Commitment, risk, control and potential profit
What are the types of foreign entry modes?
- Indirect Export
- Direct Export
- Licensing
- Joint Venture
- Wholly owned subsidiary (WOS)
- Indirect Export
Indirect export is through third parties like cooperatives, agents, and trading companies.
Less investment + less risk + no control over market
Done by small companies
- Direct export
Is the direct negotiation with foreign customers
Adopted by medium companies, E commerce, direct contacts with large retailers
- Licensing
extent of the use of a legally protected intellectual property (IP) between the licensor and the license
Difference between Licensor and Licensee ?
Licensor= the owner of a technology
Licensee= the party which will be entitled by the agreement to use these property rights
What is the main form of Licensing?
Franchising
The franchising system
The franchise agreement is a contract about the right to use an approved, well-established and successfully tested business format, that may include a shop design, the service
The franchising agreement
The core of the franchise agreement involves the transfer of tangible and intangible knowledge, marketing, training embedded and delivered in the business concept. Training embedded and delivered in the business concept which typically includes the rights to use trademarks, brands, store or industrial design,
- Joint Venture
foreign investors share ownership and control of the business with local investors
How to choose the JV partner?
- Overall strategic orientation
- Ability to interact with the local market
- Organisational and technological skills
- Profitability, solidity and liquidity
What is the country origin effect?
is the influence that the manufacturer country has on the positive or negative consumer judgment.
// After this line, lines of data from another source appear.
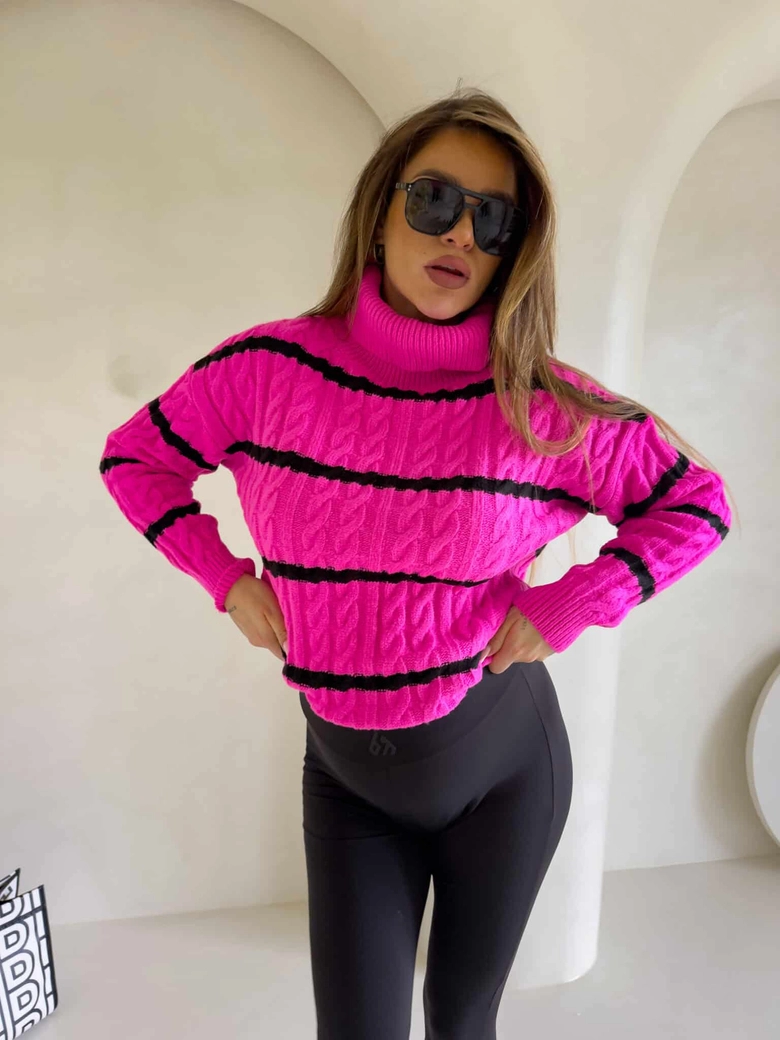 Sweter golf INKO pasy - mocny róż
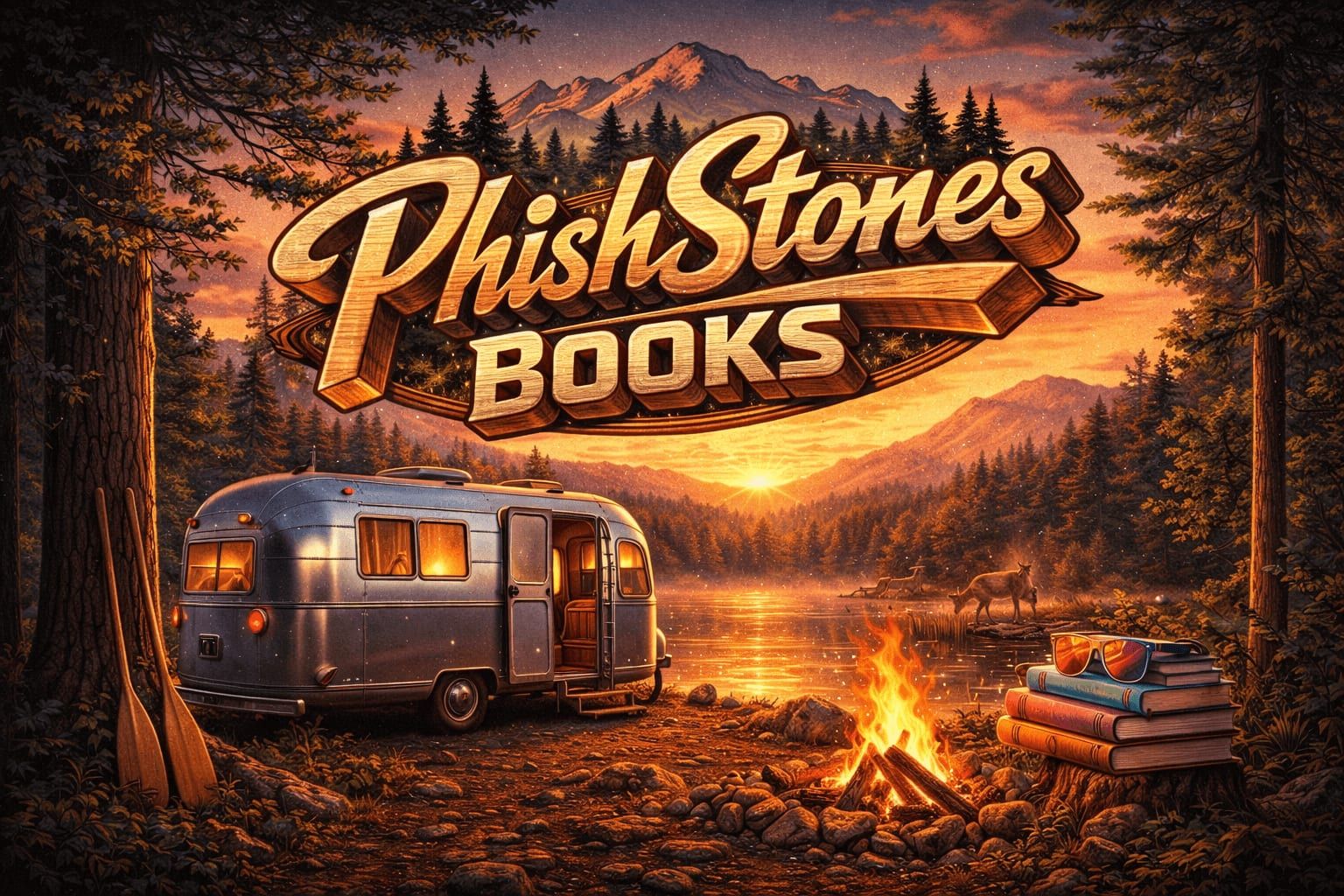 PhishStones Books — campfire, Airstream, and books at sunset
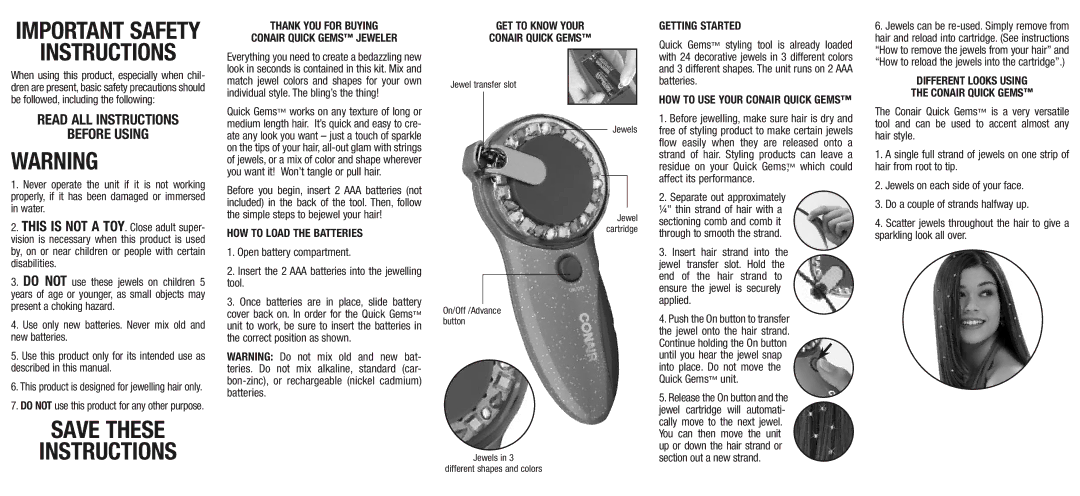 Conair HJBC important safety instructions Save These Instructions, HOW to Load the Batteries, Getting Started 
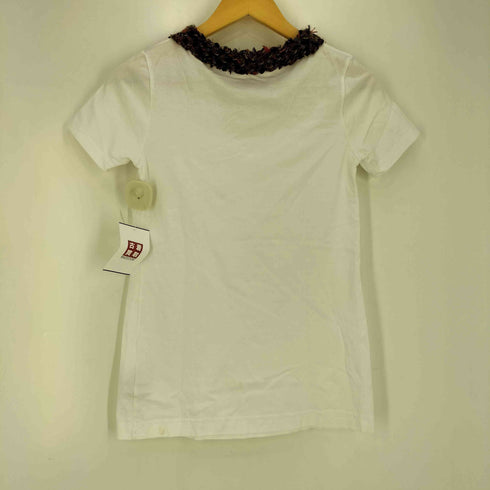 ドルチェアンドガッバーナ DOLCE&GABBANA イタリア製 襟装飾 ウール クルーネックTシャツ レディース FR:36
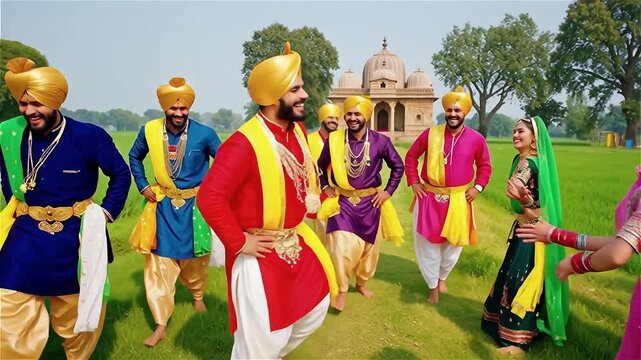 Happy group of Punjabi dancers performing Bhangra in a rural field. Indian men and women in colorful traditional clothes celebrating Baisakhi festival.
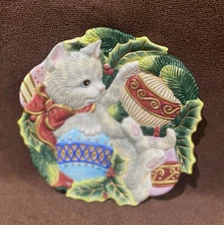 Pre Owned Fritz And Floyd Kitten Playing With Ornaments Ceramic Decorative Plate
Consumers tend to have a stereotype about products and countries that have been formed by experience, hearsay, and myth.
- Wholly Owned Subsidiaries (WOS)
Established for the purpose of operating directly in a foreign market is part of a complex structure organised and maintained by a multinational firm.
Ex: Production sites or assembly plants in foreign territory
Advantages of WOS
- Cost reduction
- Better image of the company in the foreign country
- greater control over investment
Disadvantage of WOS
Very high level of risk
What are the two levels of WOS?
Greenfield Strategy and Brownfield strategy
Greenfield
Establishing of a new company.
More likely in industries in which technological skills and production technology is key.
Brownfield (Acquisitions)
Acquiring an enterprise in the target market.
–> but then the investing company undertakes wholesale restructuring of, a new investments in, the acquired entity to the point where it comes to resemble a greenfield.
What are the Pros of Acquisitions?
- A firm can rapidly build its presence in the target foreign market
- Firms make acquisitions to preempt their competitors
- Less risky tan greenfield venture
Cons of acquisitions
- Acquiring firms often overplay the assets of the acquired firm.
- Clash between the cultures of acquiring and acquired firms.
What is culture according to Geert Hofstede?
“Collective programming of the mind distinguishing the members of one group or category of people”
What are the 6 cultural dimensions?
- Power distance
- Uncertainty Avoidance
- Individualism VS collectivism
- Masculinity VS Femininity –> Motivation towards achievement and success
- Long term VS Short term orientation
- Indulgence VS restraint
Power distance
Power Distance is defined as the extent to which the less powerful members of institutions and organisations within a country expect and accept that power is distributed unequally.